何故か辺りに何も無い山の中腹の駐車場に車を停め、荷物を下ろす。そして獣道の様な細い道を分け入って行く。
「ギンコさん、これ正しい道なの?」
僕の言葉に大丈夫大丈夫と言いながら、辺りをキョロキョロと見渡すと「あ、これこれ」と、何の変哲も無い樹の【うろ】に向かって何かを呟き始めた。
「じゅげむじゅげむごこうのすりきれ……」
長い呪文の様な言葉を噛まずに言い終えて満足げなギンコさん。呆気に取られていると、樹の【うろ】から、いらっしゃいませーと声がして、近くにあった岩がドアの様に開いて入口が出来た。

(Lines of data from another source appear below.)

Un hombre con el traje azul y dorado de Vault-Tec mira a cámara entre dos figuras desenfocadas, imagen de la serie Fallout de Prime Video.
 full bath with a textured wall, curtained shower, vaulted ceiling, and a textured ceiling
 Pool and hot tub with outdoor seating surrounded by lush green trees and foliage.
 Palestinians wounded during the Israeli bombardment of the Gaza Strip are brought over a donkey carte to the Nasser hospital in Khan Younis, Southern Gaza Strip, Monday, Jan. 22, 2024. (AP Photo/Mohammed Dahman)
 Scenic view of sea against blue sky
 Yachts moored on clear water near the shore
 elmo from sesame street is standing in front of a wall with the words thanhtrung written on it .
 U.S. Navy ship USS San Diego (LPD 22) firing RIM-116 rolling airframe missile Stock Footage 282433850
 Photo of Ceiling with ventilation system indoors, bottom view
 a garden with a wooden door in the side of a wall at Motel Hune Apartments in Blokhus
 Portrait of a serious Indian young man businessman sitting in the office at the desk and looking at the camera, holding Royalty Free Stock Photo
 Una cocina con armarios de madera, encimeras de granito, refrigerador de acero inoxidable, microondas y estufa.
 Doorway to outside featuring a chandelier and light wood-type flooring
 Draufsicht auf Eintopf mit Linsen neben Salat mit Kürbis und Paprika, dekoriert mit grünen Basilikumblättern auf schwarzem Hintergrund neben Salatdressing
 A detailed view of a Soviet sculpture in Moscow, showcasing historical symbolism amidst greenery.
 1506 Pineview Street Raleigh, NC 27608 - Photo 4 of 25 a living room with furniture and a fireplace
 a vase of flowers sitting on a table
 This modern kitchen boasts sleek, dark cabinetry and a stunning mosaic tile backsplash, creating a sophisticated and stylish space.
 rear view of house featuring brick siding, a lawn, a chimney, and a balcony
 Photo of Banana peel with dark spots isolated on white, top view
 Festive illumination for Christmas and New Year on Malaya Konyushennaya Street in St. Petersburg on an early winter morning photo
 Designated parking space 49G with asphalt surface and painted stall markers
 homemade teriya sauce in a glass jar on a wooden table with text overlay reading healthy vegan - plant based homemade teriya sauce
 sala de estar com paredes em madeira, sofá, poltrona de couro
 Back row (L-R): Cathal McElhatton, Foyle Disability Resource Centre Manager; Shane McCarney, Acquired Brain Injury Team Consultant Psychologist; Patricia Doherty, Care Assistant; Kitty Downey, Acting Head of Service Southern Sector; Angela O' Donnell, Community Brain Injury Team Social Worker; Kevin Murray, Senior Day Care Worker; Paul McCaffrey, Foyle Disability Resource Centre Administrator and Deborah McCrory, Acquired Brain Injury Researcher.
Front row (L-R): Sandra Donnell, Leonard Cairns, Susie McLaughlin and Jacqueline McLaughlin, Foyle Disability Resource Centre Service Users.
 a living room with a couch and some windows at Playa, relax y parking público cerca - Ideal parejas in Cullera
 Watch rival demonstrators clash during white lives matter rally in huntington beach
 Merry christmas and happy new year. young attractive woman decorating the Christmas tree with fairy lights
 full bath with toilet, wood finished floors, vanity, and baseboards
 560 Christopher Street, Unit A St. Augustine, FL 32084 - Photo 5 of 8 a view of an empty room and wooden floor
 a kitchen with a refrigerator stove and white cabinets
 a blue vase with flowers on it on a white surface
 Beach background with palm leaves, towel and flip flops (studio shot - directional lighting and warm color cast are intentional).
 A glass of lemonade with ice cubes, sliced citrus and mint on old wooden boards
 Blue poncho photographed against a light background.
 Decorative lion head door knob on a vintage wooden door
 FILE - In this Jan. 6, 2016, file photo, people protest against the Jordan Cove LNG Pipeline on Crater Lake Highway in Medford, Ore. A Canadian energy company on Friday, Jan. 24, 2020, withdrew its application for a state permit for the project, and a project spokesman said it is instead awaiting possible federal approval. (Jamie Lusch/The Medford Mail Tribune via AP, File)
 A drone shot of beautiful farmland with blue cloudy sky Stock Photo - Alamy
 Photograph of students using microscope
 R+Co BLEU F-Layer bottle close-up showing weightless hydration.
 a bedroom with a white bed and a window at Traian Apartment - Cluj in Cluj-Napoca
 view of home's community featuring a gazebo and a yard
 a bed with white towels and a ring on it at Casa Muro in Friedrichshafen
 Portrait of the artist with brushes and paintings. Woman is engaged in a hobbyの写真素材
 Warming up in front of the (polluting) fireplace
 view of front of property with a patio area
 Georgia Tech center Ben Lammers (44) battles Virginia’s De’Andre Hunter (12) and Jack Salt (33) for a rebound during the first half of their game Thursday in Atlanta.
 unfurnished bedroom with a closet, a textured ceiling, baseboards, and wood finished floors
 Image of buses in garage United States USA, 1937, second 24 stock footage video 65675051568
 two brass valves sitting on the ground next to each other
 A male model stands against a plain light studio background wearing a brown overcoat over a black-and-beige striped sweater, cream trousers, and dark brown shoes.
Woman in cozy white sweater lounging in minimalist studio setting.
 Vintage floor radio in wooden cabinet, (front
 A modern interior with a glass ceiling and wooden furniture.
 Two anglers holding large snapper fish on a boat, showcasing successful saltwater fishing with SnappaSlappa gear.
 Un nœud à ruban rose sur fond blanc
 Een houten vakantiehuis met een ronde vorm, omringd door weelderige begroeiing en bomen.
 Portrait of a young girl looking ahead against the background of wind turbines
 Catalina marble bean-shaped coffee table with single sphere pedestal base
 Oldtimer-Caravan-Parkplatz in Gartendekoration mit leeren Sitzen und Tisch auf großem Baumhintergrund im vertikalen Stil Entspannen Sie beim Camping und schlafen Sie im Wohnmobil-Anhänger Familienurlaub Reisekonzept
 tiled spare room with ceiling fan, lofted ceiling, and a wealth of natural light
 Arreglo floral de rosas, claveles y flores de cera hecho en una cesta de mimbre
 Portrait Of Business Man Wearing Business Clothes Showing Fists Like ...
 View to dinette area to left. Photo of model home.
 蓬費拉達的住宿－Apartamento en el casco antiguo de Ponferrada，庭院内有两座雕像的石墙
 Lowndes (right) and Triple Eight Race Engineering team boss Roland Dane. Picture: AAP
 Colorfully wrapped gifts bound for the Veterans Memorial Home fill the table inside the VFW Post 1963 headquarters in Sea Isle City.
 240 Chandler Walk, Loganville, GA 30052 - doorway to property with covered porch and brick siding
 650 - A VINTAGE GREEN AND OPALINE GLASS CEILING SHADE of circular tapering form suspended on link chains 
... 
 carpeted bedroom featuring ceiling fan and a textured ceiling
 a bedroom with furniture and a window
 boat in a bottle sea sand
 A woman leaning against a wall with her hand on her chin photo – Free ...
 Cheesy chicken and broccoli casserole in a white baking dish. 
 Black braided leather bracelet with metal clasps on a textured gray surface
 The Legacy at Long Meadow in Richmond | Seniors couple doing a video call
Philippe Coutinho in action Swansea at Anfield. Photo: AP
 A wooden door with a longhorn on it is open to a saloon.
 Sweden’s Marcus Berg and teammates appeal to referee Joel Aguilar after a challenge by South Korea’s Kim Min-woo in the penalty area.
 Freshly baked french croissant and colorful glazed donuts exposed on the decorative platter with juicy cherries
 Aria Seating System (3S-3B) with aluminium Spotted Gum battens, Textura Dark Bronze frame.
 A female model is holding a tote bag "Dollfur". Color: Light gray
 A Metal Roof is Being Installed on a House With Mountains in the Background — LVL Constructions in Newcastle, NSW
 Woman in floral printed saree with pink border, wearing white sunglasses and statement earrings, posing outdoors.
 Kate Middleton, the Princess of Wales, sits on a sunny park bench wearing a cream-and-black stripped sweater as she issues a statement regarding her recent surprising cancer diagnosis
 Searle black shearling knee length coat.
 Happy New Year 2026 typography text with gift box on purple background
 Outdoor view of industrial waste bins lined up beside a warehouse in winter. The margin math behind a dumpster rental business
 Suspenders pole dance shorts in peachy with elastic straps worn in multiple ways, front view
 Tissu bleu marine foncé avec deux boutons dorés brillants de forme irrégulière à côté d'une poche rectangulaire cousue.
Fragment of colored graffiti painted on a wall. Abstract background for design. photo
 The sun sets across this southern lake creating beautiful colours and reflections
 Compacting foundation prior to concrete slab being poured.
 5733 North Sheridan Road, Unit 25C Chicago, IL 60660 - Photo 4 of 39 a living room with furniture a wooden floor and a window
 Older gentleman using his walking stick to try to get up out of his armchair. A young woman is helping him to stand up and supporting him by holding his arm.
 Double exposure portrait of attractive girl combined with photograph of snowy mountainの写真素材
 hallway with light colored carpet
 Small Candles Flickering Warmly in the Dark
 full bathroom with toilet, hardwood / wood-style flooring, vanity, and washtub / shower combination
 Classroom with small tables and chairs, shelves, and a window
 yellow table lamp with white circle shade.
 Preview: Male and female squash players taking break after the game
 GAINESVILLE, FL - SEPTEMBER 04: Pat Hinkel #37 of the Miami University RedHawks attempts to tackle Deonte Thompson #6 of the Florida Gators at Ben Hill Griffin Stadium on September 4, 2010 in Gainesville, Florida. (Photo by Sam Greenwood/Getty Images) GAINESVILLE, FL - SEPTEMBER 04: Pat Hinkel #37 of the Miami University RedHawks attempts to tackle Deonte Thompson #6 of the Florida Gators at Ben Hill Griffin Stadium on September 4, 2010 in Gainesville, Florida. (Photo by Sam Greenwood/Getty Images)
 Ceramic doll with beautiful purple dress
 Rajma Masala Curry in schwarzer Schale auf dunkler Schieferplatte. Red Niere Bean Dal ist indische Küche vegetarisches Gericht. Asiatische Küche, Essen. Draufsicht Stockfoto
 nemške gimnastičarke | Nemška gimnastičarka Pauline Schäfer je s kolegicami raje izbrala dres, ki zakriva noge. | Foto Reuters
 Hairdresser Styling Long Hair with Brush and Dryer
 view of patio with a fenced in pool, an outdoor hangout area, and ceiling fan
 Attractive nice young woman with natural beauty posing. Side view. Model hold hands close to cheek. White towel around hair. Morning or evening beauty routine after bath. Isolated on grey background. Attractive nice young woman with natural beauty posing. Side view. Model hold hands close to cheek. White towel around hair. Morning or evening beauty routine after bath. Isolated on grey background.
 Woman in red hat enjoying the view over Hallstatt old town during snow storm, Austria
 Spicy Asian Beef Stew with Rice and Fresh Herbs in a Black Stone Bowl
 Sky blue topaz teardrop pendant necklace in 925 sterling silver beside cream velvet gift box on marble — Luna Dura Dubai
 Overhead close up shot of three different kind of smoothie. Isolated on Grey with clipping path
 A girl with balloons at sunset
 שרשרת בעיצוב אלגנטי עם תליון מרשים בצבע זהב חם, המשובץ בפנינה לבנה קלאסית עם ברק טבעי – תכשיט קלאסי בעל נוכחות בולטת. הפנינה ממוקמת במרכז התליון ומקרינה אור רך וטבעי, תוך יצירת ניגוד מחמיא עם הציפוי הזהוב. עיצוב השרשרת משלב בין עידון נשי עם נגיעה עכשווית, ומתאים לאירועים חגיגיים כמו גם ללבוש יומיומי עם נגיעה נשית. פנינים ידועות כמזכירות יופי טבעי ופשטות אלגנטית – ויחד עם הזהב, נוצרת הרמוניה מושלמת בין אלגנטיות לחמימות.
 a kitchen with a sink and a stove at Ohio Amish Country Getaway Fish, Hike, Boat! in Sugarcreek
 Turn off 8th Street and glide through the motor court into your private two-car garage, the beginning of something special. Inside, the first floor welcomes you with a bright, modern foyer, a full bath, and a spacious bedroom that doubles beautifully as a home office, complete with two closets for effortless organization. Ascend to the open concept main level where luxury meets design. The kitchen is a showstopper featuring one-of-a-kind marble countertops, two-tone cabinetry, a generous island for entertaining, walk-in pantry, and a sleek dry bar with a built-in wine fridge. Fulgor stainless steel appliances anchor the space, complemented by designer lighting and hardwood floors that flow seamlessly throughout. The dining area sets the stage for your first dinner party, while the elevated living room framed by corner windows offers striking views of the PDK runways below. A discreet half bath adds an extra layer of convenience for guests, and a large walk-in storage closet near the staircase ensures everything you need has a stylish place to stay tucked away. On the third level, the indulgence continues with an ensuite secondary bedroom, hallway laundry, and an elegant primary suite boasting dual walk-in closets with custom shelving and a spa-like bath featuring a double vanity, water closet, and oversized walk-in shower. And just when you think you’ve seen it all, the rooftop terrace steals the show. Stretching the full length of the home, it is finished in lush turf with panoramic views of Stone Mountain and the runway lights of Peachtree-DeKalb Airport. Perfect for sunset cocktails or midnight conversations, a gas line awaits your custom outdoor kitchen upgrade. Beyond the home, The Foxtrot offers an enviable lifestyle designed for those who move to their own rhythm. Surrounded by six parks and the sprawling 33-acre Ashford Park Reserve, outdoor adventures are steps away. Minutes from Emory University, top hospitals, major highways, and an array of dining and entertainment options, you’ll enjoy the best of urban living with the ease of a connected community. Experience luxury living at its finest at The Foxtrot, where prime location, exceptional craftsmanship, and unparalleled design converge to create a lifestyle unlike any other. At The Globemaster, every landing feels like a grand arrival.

怪しみながらその中の通路を抜けると、立派なお屋敷が鎮座していた。門の前で、和服姿の狐のお姉さん二人がこちらを見て頭を下げる。
「いらっしゃいませ。ギンコ様とお連れ様の合計7名で伺っております」
白い尻尾の先が少し黒くなった方が声をかけ、逆に尻尾の先だけ白くて他が黒い方が台帳らしきものをめくる。オジロさんとオグロさんという双子の狐さんらしい。
「ねー、隠れた名湯でしょ〜!」
――完全に隠れ里だよギンコさん!
僕の突っ込みが山々にこだました。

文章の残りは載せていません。